Welcome Home, Roxy Carmichael, like Heathers, Beetlejuice, and Mermaids, stars Winona Ryder back when she was the patron saint of “weird girls” who liked to wear black and didn’t talk much in class. Her unfortunately named character, Dinky, is a social outcast who prefers animals to her peers, who constantly taunt and torture her and disappoints her adoptive mother by rejecting feminine clothing. Though sometimes its hard to figure out whether Dinky is ostracized for being antisocial or has learned to be antisocial after years of being ostracized. Stuck in a quirky indie film style town where the childhood home of minor celebrity, Roxy Carmichael, is preserved as a museum, Dinky sets out to validate her existence by proving she is Roxy’s long lost daughter.
Lesson: You can’t develop in a vacuum. Spending time alone is valuable, but you really learn who you are from living in the world you have and getting to know the people around you, not from escaping into the world you wish you had.
Despite hitting some familiar beats (loss of virginity, teacher-student relationship, first encounter with death), Margaret is a very different type of coming of age story, and to my mind, a truer one, than I’ve seen before. As it begins, Lisa Cohen (Anna Paquin), a privileged Manhattan teenager, is just coming into her own. She has new and serious opinions about war and politics and passionately argues them in class and charges around the city casually flirting and testing out her new power. When she distracts a bus driver, contributing to a fatal accident, her grief and guilt lead her to seek the driver’s dismissal, which she feels is the only fair consequence. Here, Lisa shows how young she still is, as she doggedly seeks fairness, blind to the interests of the other parties involved and to any other option. She still sees the world as one where the guilty are always punished and the innocent rewarded, and in the moment where she learns things will not work the ways she imagined, she breaks down into a child-like tantrum.

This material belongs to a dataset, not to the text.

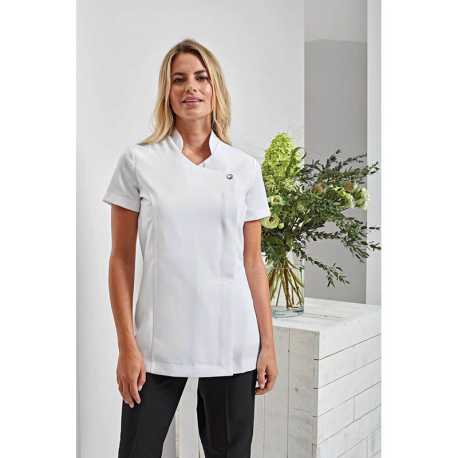 Dámske tričko (Premier ‘BLOSSOM’ BEAUTY AND SPA TUNIC) > biela > 2XL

Lesson: Life isn’t fair, it’s really not fair and sometimes there is nothing you can do to make things right.
Danielle Edmundson (Juno Temple) thinks God made her purely for sex. Known as the “Dirty Girl” at school for her promiscuity, Danielle looks down on the girls in her class who fuss over their appearance and wish for their Prince Charmings, and uses the boys to prove to herself she has a talent. In Clark (Jeremy Dozier), a shy, gay boy who also sticks out like a sore thumb in their 1980s Oklahoma town, she finds a kindred spirit and the two hit the road, ostensibly to find Danielle’s father, but really to find themselves. Neither Clark nor Danielle have it all figured out. At first she’s the cooler-than-thou mentor who ups his confidence, but in the last moments he’s the one who helps her figure out who she wants to be. Refreshingly, the narrative doesn’t suggest Danielle’s sexual experience is wrong or that she needs to be celibate, but that it’s not the only thing she has or only way people should define her.
Lesson: The people you want in your life are the people who like you for who you are–the people that encourage you to be yourself, but only the best version of yourself.
Most teenagers feel bored and trapped at some point, in their small towns or in their families. Haunter twists teenage alienation into a ghost story centered around Lisa Johnson (Abigail Breslin), another 80s teen, the only person in her family who realizes they’re dead. I chose to read Haunter as coming of age story, despite the fact that the central character will never get any older because it’s all about what Lisa learns. She becomes responsible for her family as the only one that knows the truth and her world becomes a nightmare none of them are aware of, as she is tormented by an murderous spirit. Unlike most alienated teenage girls she also finds herself through taking on the mission of trying to save the family currently living in the house from being the murderer’s next victims. And Lisa also grows in the expected ways for a coming of age heroine, as she goes from blaming her parents for their weaknesses and feeling superior, to allowing herself to understand, and walk in their shoes.
Lesson: Some of your angsty feelings are legitimate, some are self-indulgent. It’s a great skill to know the difference.